But Nelson, who announced his retirement in 2011, speaks for himself in a brief filed by Democratic congressional leaders and others.

“I always believed that tax credits should be available in all 50 states regardless of who built the exchange, and the final law also reflects that belief as well,” Nelson wrote in a letter to Sen. Bob Casey (D-Pa.) who sought Nelson’s view.

The saucer people Moops got to him too! WE’RE THROUGH THE LOOKING GLASS PEOPLE!

Meanwhile, a reader found this entertaining bit of diversion from Jonathan Adler, responding to the fact that the four Selbelius dissenters rejected his reading of the statute:

Jonathan Adler, an architect of the legal challenge in King, doubted that the administration’s citation of the 2012 dissent would impact the case.

“It’s more of a cute debater’s point than a substantive legal point,” he said in an email. “It tells you something about the strength of their case.”

Why, yes it does, although not in the way he means the phrase. Needless to say, Adler doesn’t think that this kind of evidence is merely a “cute debater’s point.” Section V of the Adler/Cannon brief cites a letter signed by 11 Texas House Democrats advocating for a single national exchange.
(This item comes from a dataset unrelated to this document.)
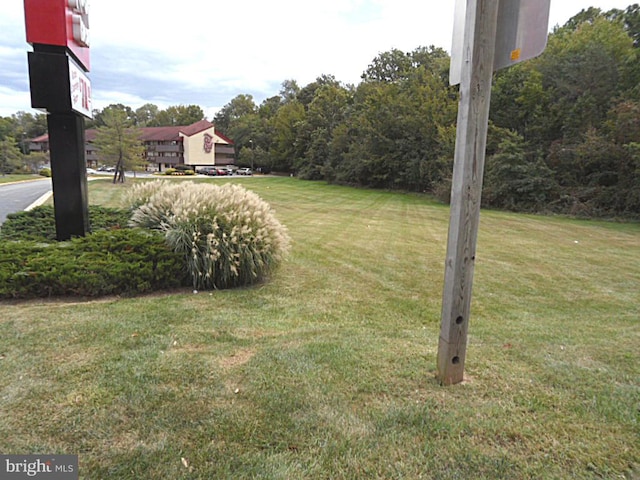 Listing photo 3 for 12513 Laurel Bowie Rd, Laurel MD 20708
The obvious problem with citing it as evidence that the Moops invaded Spain is that nothing in the letter says that subsidies wouldn’t be available on federally-established exchanges; indeed, the thrust of the letter is a worry that states will set up inferior exchanges, not that federally-established exchanges would fail. (Inadvertently revealing that the letter itself doesn’t actually support their interpretation, they combine it with the erroneous inferences made by an NPR report about the letter.) And of course, as the government’s brief observes (fn 19), the petitioner’s brief “rel[ies] heavily” on the 2012 but not 2010 or 2014 comments of President, Speaker of the House, Senate Majority Leader, Secretary of State, Governor of all 50 states, and discredited NFL commissioner Jonathan Gruber, whose comments have also been cited in arguments by Cannon.

So it’s not that Adler and Cannon think that how public officials contemporaneously interpreted the statute is irrelevant. There’s just almost no evidence of legislative intent that supports their fantastical theory. If the Sebelius dissenters agreed with them, they’d certainly find it relevant and not a mere “debating point.”